The other day a friend and I were in the local Panera Bread and ordered blueberry muffins to go with our coffees…that is, until I looked in the display case and saw the mandatory nutrition labels. A 4.5 gram serving totaled 390 calories – nearly 36 percent from fat! Not an especially healthy way to begin the day.
As a New Yorker, I’m already used to seeing nutrition and calorie information at chain restaurants and on menus. Several other states, including California, and several cities, also have laws on the books that mandate posting information alongside foods in specific restaurants.
The new health reform law goes one step further – removing a long-standing exemption and requiring that “chain” restaurants and “similar retail food establishments” with twenty or more locations
“shall disclose in a clear and conspicuous manner— in a nutrient content disclosure statement adjacent to the name of the standard menu item, so as to be clearly associated with the standard menu item, on the menu listing the item for sale, the number of calories contained in the standard menu item, as usually prepared and offered for sale” (Article IV, section 4205)
Many restaurant owners argue that nutrition data is already available on corporate websites or on the backs of paper tray liners. Within the year, however, it must be posted right on the menu board – so you will know upfront that the Double Quarter Pounder with cheese you’re about to chomp will set you back 740 calories – more than half of that from fat – and a whopping 1380 mg of sodium. Head to Starbucks for a Grande Vanilla Frappucino, and you can’t escape notice of sipping 310 calories. Add whipped cream and it jumps to 430. Starbucks noted it does offer a list of drinks under 200 calories and many foods under 350 calories.
If a restaurant provides a salad bar, buffet, or other “self-service” arrangement, labeling information must be placed next to each item, based on “reasonable” means of determining nutrition counts – cookbooks or lab testing for example. Specials, temporary offerings, or items in market testing are exempt.

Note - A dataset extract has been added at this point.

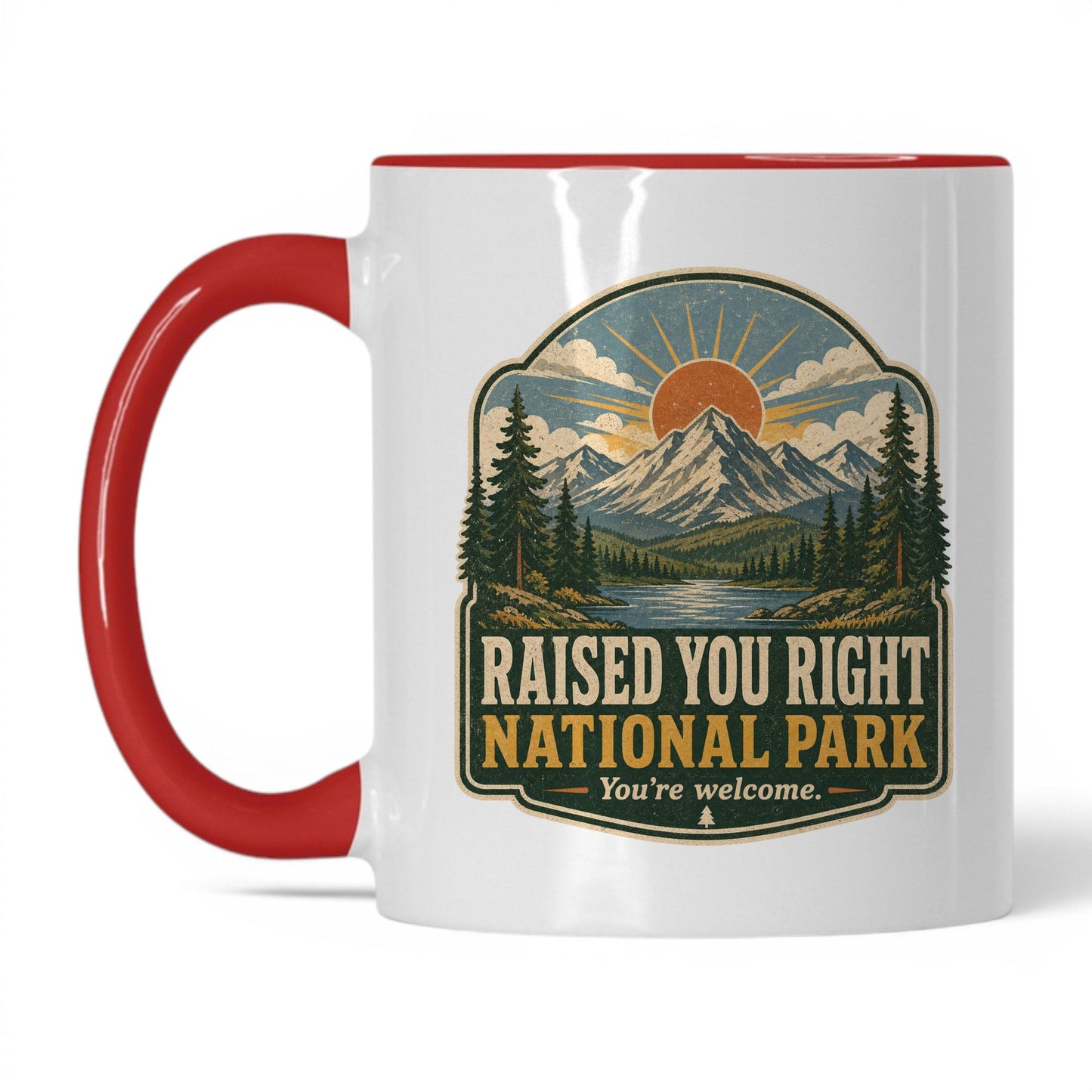 Raised You Right National Park Mug – 11oz White/Red Mug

HHS Secretary Kathleen Sebelius was given 120 days from the date the reform was signed to develop guidelines; the law must be enacted before March 23, 2011. This provision preempts the various state laws currently on the books that don’t follow the same guidelines, but some restaurants and vending machines will still be subject to state and local requirements.

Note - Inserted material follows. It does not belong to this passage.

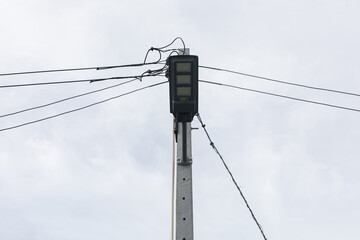 Concrete electric poles with solar cell lights installed
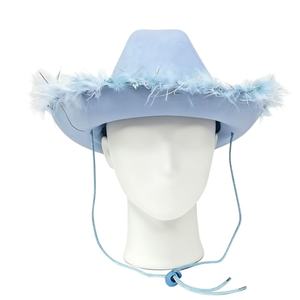 Sombrero <span class=keywords><strong>de</strong></span> Vaquero con Plumas Brillantes y Esponjosas, Estilo Occidental, <span class=keywords><strong>para</strong></span> Fiestas, <span class=keywords><strong>Disfraces</strong></span>, Conciertos Country y Carnavales - Product Image 2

Center for Science in the Public Interest was instrumental in getting this proviso into the final bill. They and other supporters say that it will help in the fight against obesity by giving consumers a better sense of just how much they are eating. Studies that have examined New York City’s law (enacted in 2008) have found mixed to generally positive results regarding changes in eating habits.
Knowing the nutrition information of common foods is a good thing. It allows people to make more informed decisions and hopefully get a handle on just how much they ingest daily. Most people vastly underestimate calories counts, especially in restaurants, according to CSPI. Nutrition labeling is important not only for fighting obesity, but for helping to manage heart disease, diabetes, and other chronic ailments.
So next time I’m in Panera, I just might splurge on that blueberry muffin, but at least now I know what I’m in for.
What do you think about mandating nutrition labeling in restaurants? Good idea, or too much interference by government?